You go into a trance out there on the water, or at least I do. You put sunbeams in your backpack for later. You wrap watery greens around your throat like emerald necklaces. The sea creatures whisper to you. Fish talk gibberish but it swims around your brain stem and you answer confidently. The clocks are dead but your life keeps ticking.

When they lifted me out of the kayak, my legs were so swollen and stiff that I could barely feel them. The full weight of four and a half decades drove me into the sand and I wept until I couldn’t breathe for my lost child, for my lost mother, for my un-lived life.

I was a total cliché. A Lifetime Movie of the Week. But somehow, in that blistering sun, I’d dropped my frayed, battered baton to the bottom of the Sea of Cortéz. My forties and my running days were over.

I’m turning 60 soon and I’m taking my gap year. The kids are grown and the sun is calling. I’m going to sail through the Panama Canal, around Madagascar, and up the Mediterranean. Then I’ll go who knows where else.

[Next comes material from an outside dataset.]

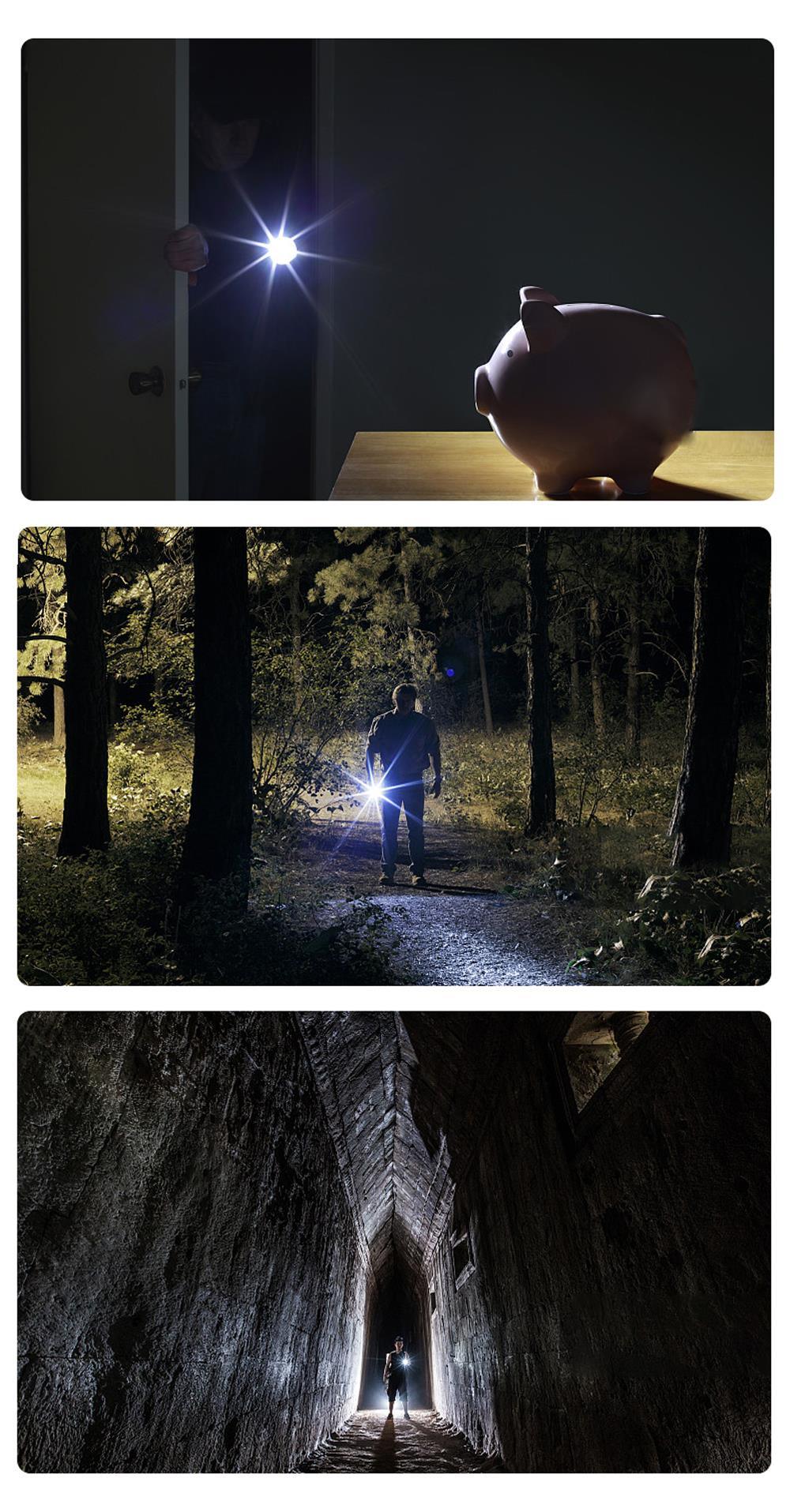 Dual Power LED Flashlight With Pure Beam Slide Focus Waterproof Rechargeable LED USB Telescopic Zoom Portable Flashlight For Night Lighting Night Riding Camping High-Powered Flash Lights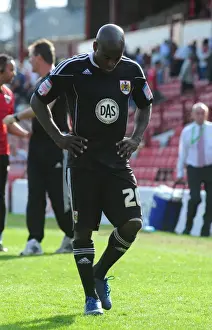 Barnsley V Bristol City Prints: Barnsley vs. Bristol City: Jamal Campbell-Ryce in Action (Championship Football Match)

I used to regret not having done it sooner but not anymore. I left all my regrets on that gritty beach in Baja. Besides, anguish weighs more than you think. It’s better to cast it into the sea and use the space in my pack for an extra bottle of Glenmorangie.

Steinbeck was right, you know. You just keep going and screw how it sounds. You just don’t ever stop. And then you’ll look up one day and see the whole damn story, as clear as the Blue Lagoon.